During closing arguments on Tuesday, Assistant U.S. Attorney Robert Lewis told jurors that, despite all the details they heard over six days of trial, the case “boils down to simple fraud.”
Lewis said Gardner stripped Hennessey of its remaining viable assets before it collapsed, depriving its creditors of collateral, and moved the healthy assets to a new company Gardner called “Jeff-What Me Worry?” Lewis said Gardner never told investors that Hennessey Financial was in a hopeless state, nor did he disclose that a hedge fund set up to finance the business planned to foreclose on it in early 2008. “The alternative is just to stop and tell [the investors],” Lewis said.
James Ostgard, Gardner’s attorney, called the case far more complicated.
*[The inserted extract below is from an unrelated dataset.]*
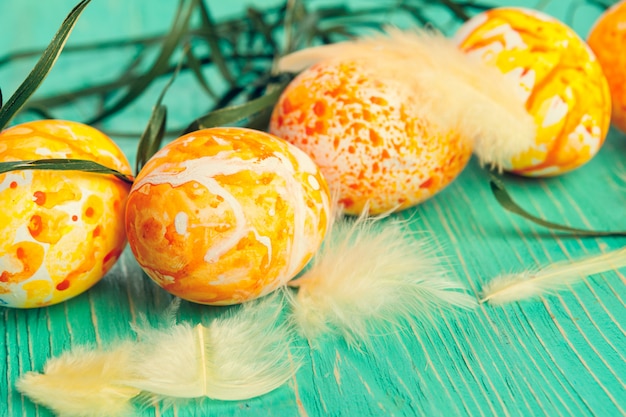 Yellow Easter Eggs On Wooden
Gardner and his investors were casualties of the housing market crash, he said.
“Why would a guy who spent 30 years … working himself up from nothing, why would he then spend five years scheming to defraud his family, his childhood friends, his cherished benefactor, First Commercial Bank, for that matter, so he could give it all to [a hedge fund]?”
Ostgard said Tuesday. “That has to be the dumbest scheme to defraud I’ve ever heard.”
Lewis said Voigt and Gardner defrauded First Commercial Bank in Bloomington, where Voigt was chairman, when they didn’t disclose that Gardner owed Voigt $4.5 million as he applied for a line of credit that the bank approved.
Andrew Birrell, one of Voigt’s two attorneys, told jurors that Voigt acted in good faith and with no intent to defraud anyone. He said a document from Gardner’s presentation to the bank included a note that Gardner’s statement didn’t include liabilities of $12 million.
He asked why Voigt, “the guy with the biggest share in the bank,” would defraud it.
“It’s appalling that he is even here,” Birrell said. “He’s faced this matter with a great deal of courage.”
Federal prosecutors brought the charges against Voigt last April, less than a year after he settled a lawsuit brought in 2011 by former teammate Ron Yary. Yary, who starred with Voigt on ’70s-era Vikings teams that went to three Super Bowls, maintained that Voigt conned him and three others out of $1 million.
Longtime pro wrestling announcer Ken Resnick, who once called Voigt a friend, was also part of that suit, along with his late mother.
Resnick said news of the verdict left him emotional.
“I wish more of the 36 counts Stu Voigt was originally facing had carried through to trial, but it’s gratifying to know that the jury saw through the defense his attorneys tried to put forth,” Resnick said. “I hope they’ll be going to prison, because that’s where they belong.”